EXACTO demonstrates first-ever guided .50-caliber bullets - yurisagalov
http://www.darpa.mil/NewsEvents/Releases/2014/07/10a.aspx
======
ArikBe
The video and program page[1] don't reveal anything about how this works. I
remember watching a documentary a few years ago on Discovery channel where
this project was discussed. The bullet was essentially divided into a front
and back portion, which could twist independently. The twisting then allows
for corrections in the air. There's another design by Sandia labs where the
bullets has little "fins" (like a missile)[2], however judging by the render
provided on the DARPA page[3] it's not the bullet by Sandia.

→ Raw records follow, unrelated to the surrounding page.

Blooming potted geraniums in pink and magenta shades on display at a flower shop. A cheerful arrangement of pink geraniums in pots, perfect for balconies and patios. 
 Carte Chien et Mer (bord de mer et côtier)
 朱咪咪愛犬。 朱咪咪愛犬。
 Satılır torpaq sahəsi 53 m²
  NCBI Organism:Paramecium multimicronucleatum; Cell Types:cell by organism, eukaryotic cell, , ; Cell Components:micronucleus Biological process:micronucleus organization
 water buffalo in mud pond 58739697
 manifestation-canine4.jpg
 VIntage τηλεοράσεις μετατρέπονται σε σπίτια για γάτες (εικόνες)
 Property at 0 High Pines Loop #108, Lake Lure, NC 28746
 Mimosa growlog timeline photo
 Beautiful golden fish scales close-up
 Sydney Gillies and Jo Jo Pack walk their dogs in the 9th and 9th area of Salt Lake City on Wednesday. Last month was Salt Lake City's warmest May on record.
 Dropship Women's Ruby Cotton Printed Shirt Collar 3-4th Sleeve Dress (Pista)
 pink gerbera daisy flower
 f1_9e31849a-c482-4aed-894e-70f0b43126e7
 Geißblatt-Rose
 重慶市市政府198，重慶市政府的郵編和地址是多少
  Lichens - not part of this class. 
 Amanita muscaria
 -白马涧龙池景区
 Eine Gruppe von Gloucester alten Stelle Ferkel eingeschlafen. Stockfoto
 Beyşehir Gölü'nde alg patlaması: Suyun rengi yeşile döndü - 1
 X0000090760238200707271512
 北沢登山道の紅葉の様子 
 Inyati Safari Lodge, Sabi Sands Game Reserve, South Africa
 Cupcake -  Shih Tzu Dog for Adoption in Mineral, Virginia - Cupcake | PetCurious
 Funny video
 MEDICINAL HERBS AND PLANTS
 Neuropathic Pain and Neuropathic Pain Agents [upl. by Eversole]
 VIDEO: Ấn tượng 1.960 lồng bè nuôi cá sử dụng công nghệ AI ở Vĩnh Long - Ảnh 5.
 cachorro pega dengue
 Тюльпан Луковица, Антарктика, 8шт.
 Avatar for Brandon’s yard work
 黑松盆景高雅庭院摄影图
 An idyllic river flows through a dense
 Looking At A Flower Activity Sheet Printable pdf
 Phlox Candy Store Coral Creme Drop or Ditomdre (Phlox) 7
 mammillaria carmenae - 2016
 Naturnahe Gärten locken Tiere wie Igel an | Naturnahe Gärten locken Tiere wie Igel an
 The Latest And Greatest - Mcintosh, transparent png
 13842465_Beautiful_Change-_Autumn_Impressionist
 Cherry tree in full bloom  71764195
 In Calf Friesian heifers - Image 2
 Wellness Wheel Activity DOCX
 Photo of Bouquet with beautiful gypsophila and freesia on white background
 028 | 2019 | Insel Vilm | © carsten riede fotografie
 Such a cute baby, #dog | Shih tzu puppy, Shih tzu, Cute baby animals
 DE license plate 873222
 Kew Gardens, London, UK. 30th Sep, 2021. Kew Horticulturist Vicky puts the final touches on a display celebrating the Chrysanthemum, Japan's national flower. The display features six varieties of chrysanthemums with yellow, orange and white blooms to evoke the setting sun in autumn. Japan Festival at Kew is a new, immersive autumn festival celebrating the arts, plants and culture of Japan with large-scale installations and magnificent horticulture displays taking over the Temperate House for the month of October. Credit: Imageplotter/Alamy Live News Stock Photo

Either way we now have IRL aimbot.

[1]
[http://www.darpa.mil/Our_Work/TTO/Programs/Extreme_Accuracy_...](http://www.darpa.mil/Our_Work/TTO/Programs/Extreme_Accuracy_Tasked_Ordnance_%28EXACTO%29.aspx)
[2]
[http://www.youtube.com/watch?v=LmAzAmYv364](http://www.youtube.com/watch?v=LmAzAmYv364)
[3]
[http://www.darpa.mil/uploadedImages/Content/Our_Work/TTO/Pro...](http://www.darpa.mil/uploadedImages/Content/Our_Work/TTO/Programs/Exacto/exacto%20projectile_full.jpg)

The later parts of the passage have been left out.